I think this is a good cutoff point for the interval you‘re describing although imo it’s more of an “early years” than a golden age. What distinguishes that run with Cave Story, Fez, Braid, Minecraft, etc vs what came after was that this was when the existence of indie games was most novel. 2014 also marks microsoft's purchase of mojang, then as you say the mainstream successes of undertale and stardew and the onset of Gen Z which did not marvel at the existence of indie games like the gen x-ers on the 1UP show did, because they came up in a media landscape when indies were “normal”

I do my best to load up my questions when I can.

Good point! When I wrote this, I was thinking about the comic book "Golden Age" as much as a general golden age of great innovation and prosperity. I was thinking about it in the sense that it was the time that 'indie games' built an identity for themselves. When they stopped being other things and started being indie games**. Although, on reflection, I think I undermined my own idea, since my examples are basically churched up mario and quake.

There's also that other 2014 event (gamergate) that probably had a pretty big impact on indie games, but I don't know that story.

**in a Game Developer article on this topic, it described indie games as "games that, by definition, don't fit into any other box. They cost from 0 to 30 dollars. They are 'cool' -- knowing about them is 'cool'." Which I like; indie games should be cool, and indie games that aren't cool should be called something else.

Runman

Yeah, the 2014 cutoff also captures Papers, Please and Hotline Miami which sets up Devolver. I remember the press going nuts over indiepocalypse (indie game bubble) after that tho I might just remember that strongly cause it was around the time I got a job in games and I was sweating it.

Yes! Thank you!

I feel like there could be a sister thread about when the indiepocalypse happened. I feel like I've been seeing articles about it for years.
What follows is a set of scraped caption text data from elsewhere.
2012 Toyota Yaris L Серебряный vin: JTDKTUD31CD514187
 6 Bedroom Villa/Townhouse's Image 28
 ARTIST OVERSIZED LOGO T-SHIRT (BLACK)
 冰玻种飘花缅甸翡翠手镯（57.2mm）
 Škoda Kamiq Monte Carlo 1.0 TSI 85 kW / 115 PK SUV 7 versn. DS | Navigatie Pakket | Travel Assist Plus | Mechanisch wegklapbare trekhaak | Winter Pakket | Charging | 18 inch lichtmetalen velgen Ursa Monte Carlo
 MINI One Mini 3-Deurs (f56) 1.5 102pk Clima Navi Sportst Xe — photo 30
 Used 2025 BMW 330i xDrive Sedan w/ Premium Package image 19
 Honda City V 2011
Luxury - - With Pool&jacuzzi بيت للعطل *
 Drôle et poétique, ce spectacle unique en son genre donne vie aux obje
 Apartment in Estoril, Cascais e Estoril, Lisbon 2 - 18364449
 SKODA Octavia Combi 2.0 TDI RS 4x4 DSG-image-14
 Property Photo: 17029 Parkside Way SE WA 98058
Adding to the 2004-2014 timeline.

I feel like Spelunky (2008) had a pretty big impact as well — I remember being really impressed by the idea of a procedurally generated level and the replayability it offered. Not sure if this reintroduced / popularized the genre, but rogue-lite seemed like a pretty popular approach for a lot of indie games for awhile.

I can absolutely tell you that from a game dev perspective, the golden age of indie games was essentially the

“XBLA era.” So around 2004-2010. You could reliably make decent money on a game if it was good. XBLA and Steam were both new, and people were looking for alternatives to the bigger budget games. There was only one geometry wars, instead of like 50 per day.

It was the golden age because there just wasn't that much competition. Imagine if braid came out for the first time in 2023. It would probably get about 50 steam reviews and that would be it. World of Goo? Gish? These games made millions but would sink like a stone today if they weren't already famous. Imagine trying to sell Sword and Sworcery on iphone, as a stand alone game you pay for! That whole model is basically gone.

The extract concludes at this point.